* [Work task]:
Print only the lines running from the line with "Đoàn Giám sát" to the final line below, both included, exactly as written and without the pictures.

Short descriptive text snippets
*** Block opens ***

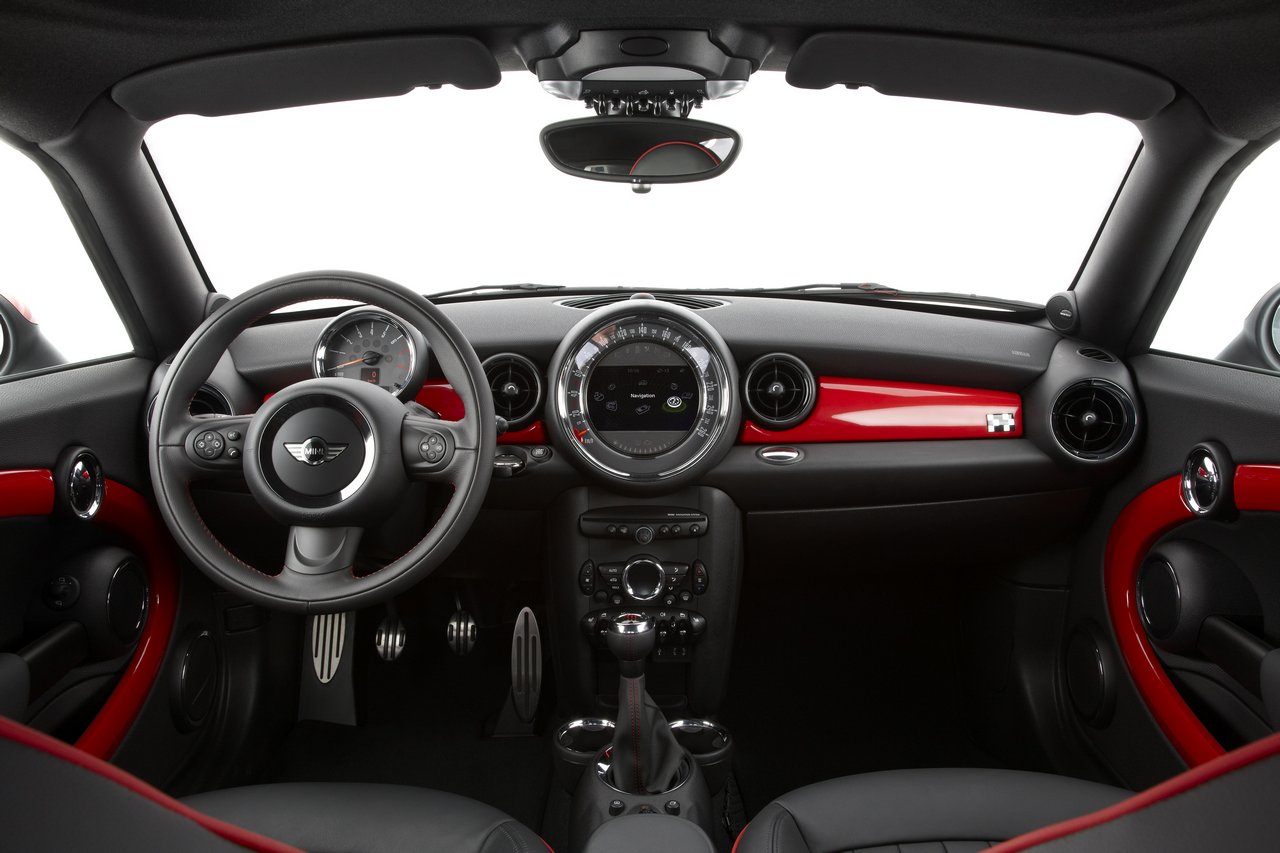 Mini Coupe JCW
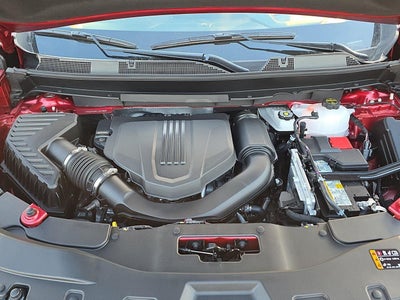 2026 GMC Acadia AWD AT4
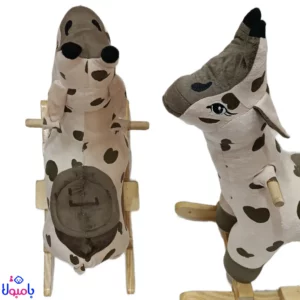 راکر کودک زرافه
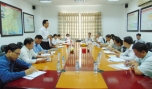 Đoàn Giám sát của HĐND tỉnh làm việc với Ban Quản lý các KCN tỉnh về thực trạng và giải pháp nâng cao Chỉ số PCI của Tiền Giang.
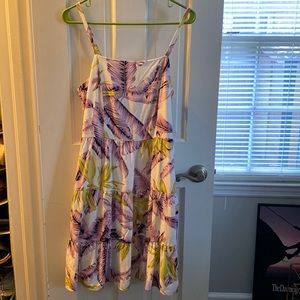 Tropical Sundress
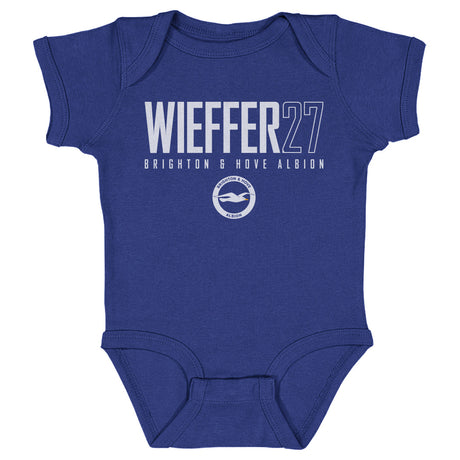 Mats Wieffer Kids Baby Onesie | 500 LEVEL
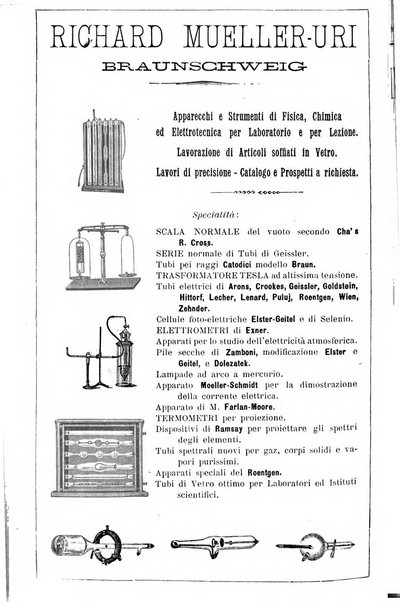 Il nuovo cimento giornale di fisica, di chimica, e delle loro applicazioni alla medicina, alla farmacia ed alle arti industriali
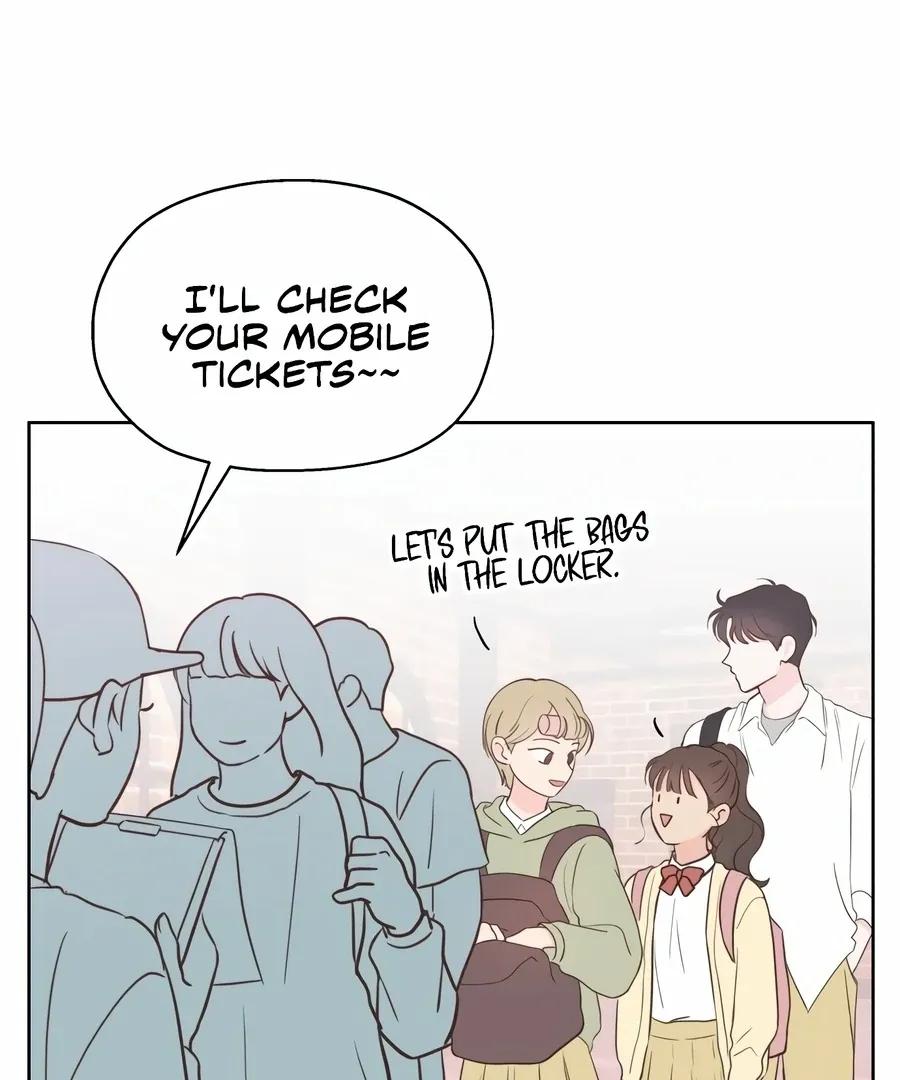 My Fake Love Chapter 4 page 163 -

*** Block closes ***

* [Exercise answer]:
 Đoàn Giám sát của HĐND tỉnh làm việc với Ban Quản lý các KCN tỉnh về thực trạng và giải pháp nâng cao Chỉ số PCI của Tiền Giang.
 Tropical Sundress
 Mats Wieffer Kids Baby Onesie | 500 LEVEL
 Il nuovo cimento giornale di fisica, di chimica, e delle loro applicazioni alla medicina, alla farmacia ed alle arti industriali
 My Fake Love Chapter 4 page 163 -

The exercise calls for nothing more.